Data Model
Memtrace uses a hybrid storage model: time-series data in Arc, metadata in SQLite.
Arc Storage (Time-Series Data)
All memories are stored in a single events measurement with columns optimized for filtering and querying.
Schema
| Column | Type | Description |
|---|---|---|
time | TIMESTAMP | Auto-set by Arc, nanosecond precision |
org_id | VARCHAR | Organization/tenant ID |
agent_id | VARCHAR | Agent that created this memory |
session_id | VARCHAR | Session scope (empty if unscoped) |
memory_type | VARCHAR | episodic / session / decision / entity |
event_type | VARCHAR | App-defined (e.g., page_crawled, error) |
content | VARCHAR | Primary content text |
metadata_json | VARCHAR | JSON-encoded arbitrary key-value data |
tags_csv | VARCHAR | Comma-separated tags |
dedup_key | VARCHAR | Deduplication key (SHA256) |
importance | DOUBLE | 0.0-1.0 score |
parent_id | VARCHAR | Link to parent memory (threading) |
Example Row
time: 2026-02-13T15:30:00.123456789Z
org_id: org_abc123
agent_id: web_crawler
session_id: sess_xyz789
memory_type: episodic
event_type: page_crawled
content: Crawled https://example.com/products — found 12 items
metadata_json: {"url":"https://example.com/products","item_count":12}
tags_csv: crawling,products,success
dedup_key: sha256_hash_of_key_fields
importance: 0.7
parent_id: null
Arc Columnar Format
Arc stores data in Apache Parquet format — a columnar storage format optimized for analytical queries.
Benefits of Columnar Storage
Compression: Columnar data compresses 10x-100x better than row-based JSON. Repeated values in columns (like agent_id or memory_type) compress extremely well.
Query speed: Time-windowed queries only read relevant time partitions. Column pruning means queries only read the columns they need.
Example:
-- Only reads: time, agent_id, content, memory_type
SELECT time, content
FROM events
WHERE agent_id = 'my_agent'
AND time > now() - interval '2 hours'
AND memory_type = 'episodic'
Partitioning
Arc partitions data by time:
{database}/{measurement}/{year}/{month}/{day}/{hour}/{filename}.parquet
Example:
memtrace/events/2026/02/13/15/1708005000_1708008600.parquet
This means time-windowed queries (e.g., "last 2 hours") only scan relevant files, not the entire dataset.
SQLite Metadata Store
Local SQLite database stores metadata that's queried separately from time-series data.
Organizations Table
CREATE TABLE organizations (
id TEXT PRIMARY KEY,
name TEXT NOT NULL,
created_at INTEGER NOT NULL
);
Agents Table
CREATE TABLE agents (
id TEXT PRIMARY KEY,
org_id TEXT NOT NULL,
name TEXT NOT NULL,
config_json TEXT,
created_at INTEGER NOT NULL,
FOREIGN KEY (org_id) REFERENCES organizations(id)
);
Sessions Table
CREATE TABLE sessions (
id TEXT PRIMARY KEY,
org_id TEXT NOT NULL,
agent_id TEXT NOT NULL,
name TEXT,
metadata_json TEXT,
created_at INTEGER NOT NULL,
ended_at INTEGER,
FOREIGN KEY (org_id) REFERENCES organizations(id),
FOREIGN KEY (agent_id) REFERENCES agents(id)
);
API Keys Table
CREATE TABLE api_keys (
id TEXT PRIMARY KEY,
org_id TEXT NOT NULL,
key_hash TEXT NOT NULL, -- bcrypt hash
name TEXT,
created_at INTEGER NOT NULL,
last_used_at INTEGER,
FOREIGN KEY (org_id) REFERENCES organizations(id)
);
Security note: API keys are bcrypt-hashed.

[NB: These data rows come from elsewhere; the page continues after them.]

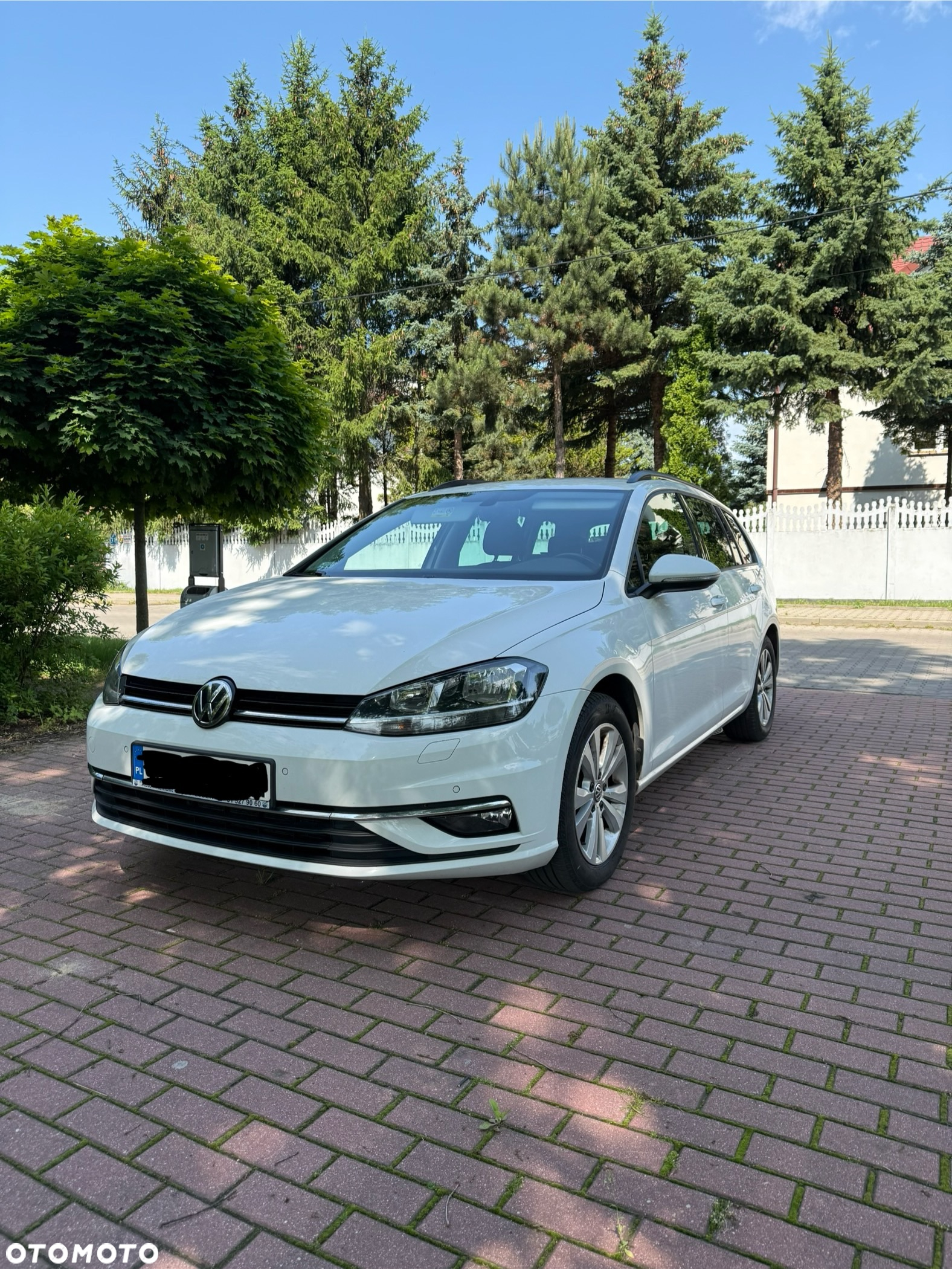 Volkswagen Golf VII 1.5 TSI BMT Evo Comfortline - 2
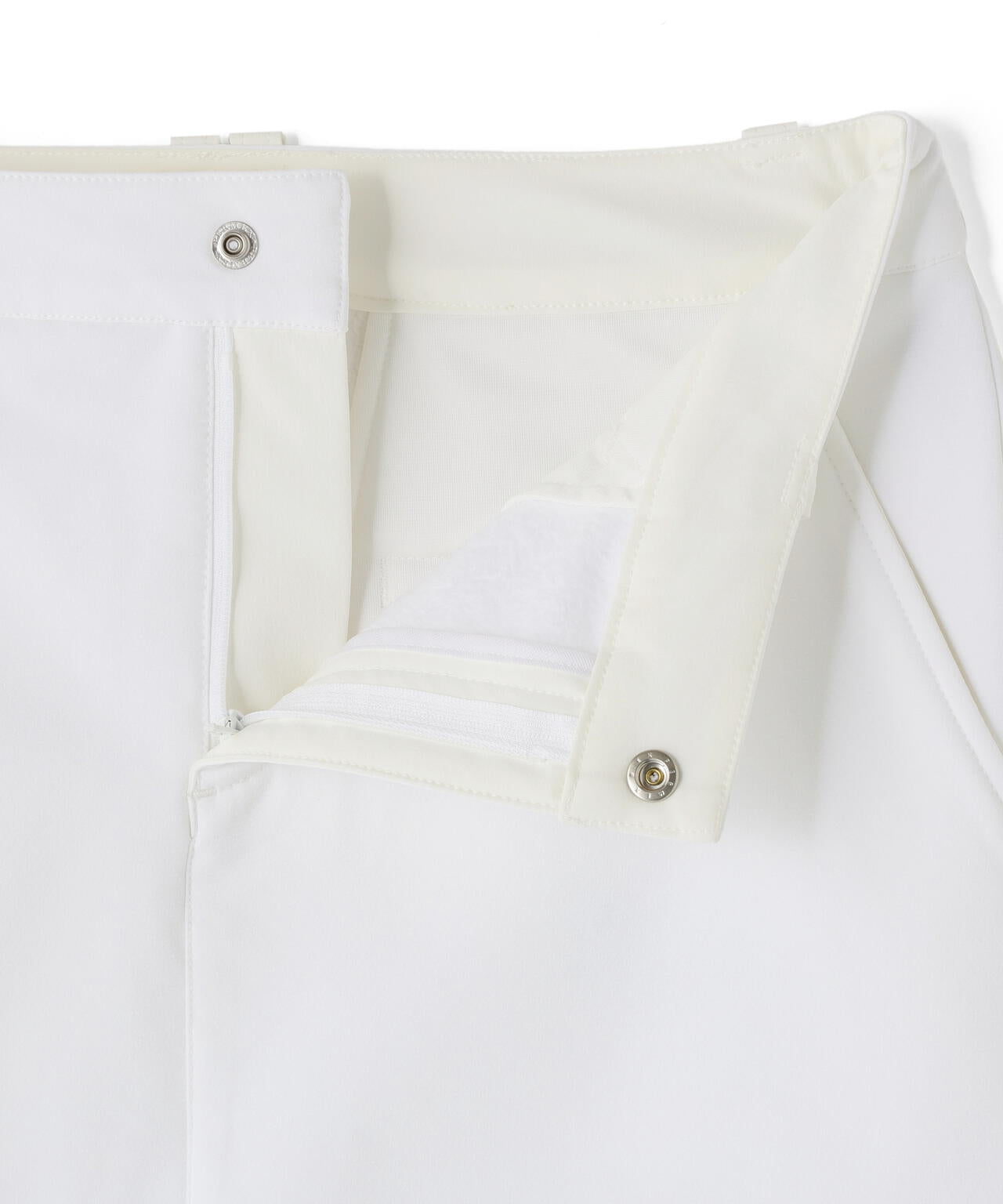 4WAYストレッチ×BACKフリーススカート | PEARLY GATES（パーリーゲイツ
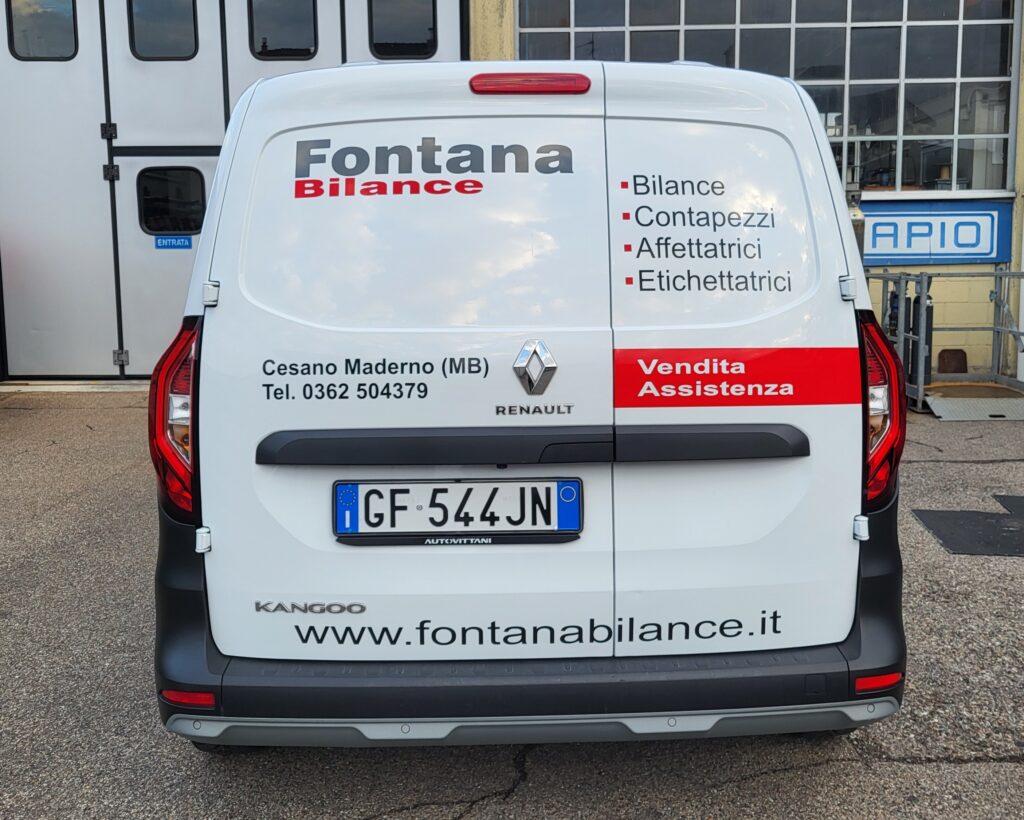 Assistenza tecnica per bilance e sitemi di pesatura industriali e commerciali | Fontana Bilance srl Cesano Maderno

The plaintext key is shown only once at creation and never stored.
Deduplication Strategy
Memtrace prevents duplicate memories using a SHA256 dedup key.
Dedup Key Generation
key := SHA256(agent_id + event_type + content[:200])
The key is derived from:
agent_id— Which agent created itevent_type— What type of eventcontent[:200]— First 200 chars of content
Dedup Window
Before writing a memory, Memtrace checks Arc for an existing memory with the same dedup_key within a configurable time window (default: 24h).
Query:
SELECT COUNT(*) FROM events
WHERE dedup_key = 'sha256_hash'
AND time > now() - interval '24 hours'
If a match is found, the write is skipped.
Configuration
[deduplication]
enabled = true
window = "24h"
Use cases:
- Prevent agents from logging "API call failed" 100 times in a loop
- Avoid duplicate "user clicked button" events from double-clicks
- Skip redundant "crawled page X" if already crawled recently
Shared Memory Model
Memtrace supports multi-agent shared memory through scoping.
Organization Scope
All agents in an organization can query each other's memories by filtering on org_id.
Query:
SELECT * FROM events
WHERE org_id = 'org_abc123'
AND time > now() - interval '4 hours'
Session Scope
Multiple agents can write to the same session, sharing a bounded context.
Query:
SELECT * FROM events
WHERE session_id = 'sess_xyz789'
AND time > now() - interval '2 hours'
Tag-Based Filtering
Agents can query memories by tags, regardless of which agent created them.
Query:
SELECT * FROM events
WHERE org_id = 'org_abc123'
AND tags_csv LIKE '%customer_123%'
AND time > now() - interval '7 days'
Write Batching
Memtrace buffers writes in-memory and flushes to Arc in batches.
Batch Configuration
[write_buffer]
max_size = 1000 # Flush after N memories
max_interval = "5s" # Flush after N seconds
Batch Format
Writes are sent to Arc in columnar msgpack format — the same format Arc uses internally. This avoids conversion overhead.
Example batch:
{
"database": "memtrace",
"measurement": "events",
"columns": ["time", "agent_id", "content", "memory_type", ...],
"rows": [
[1708005000, "agent_1", "Memory 1", "episodic", ...],
[1708005001, "agent_1", "Memory 2", "episodic", ...],
[1708005002, "agent_2", "Memory 3", "decision", ...]
]
}
Benefits
- High throughput: 10,000+ writes/sec without overwhelming Arc
- Reduced network overhead: One HTTP request for 1000 memories instead of 1000 requests
- Arc optimization: Columnar batches compress better and write faster
Query Patterns
Time-Windowed Recall
Most common query: "What happened in the last N hours?"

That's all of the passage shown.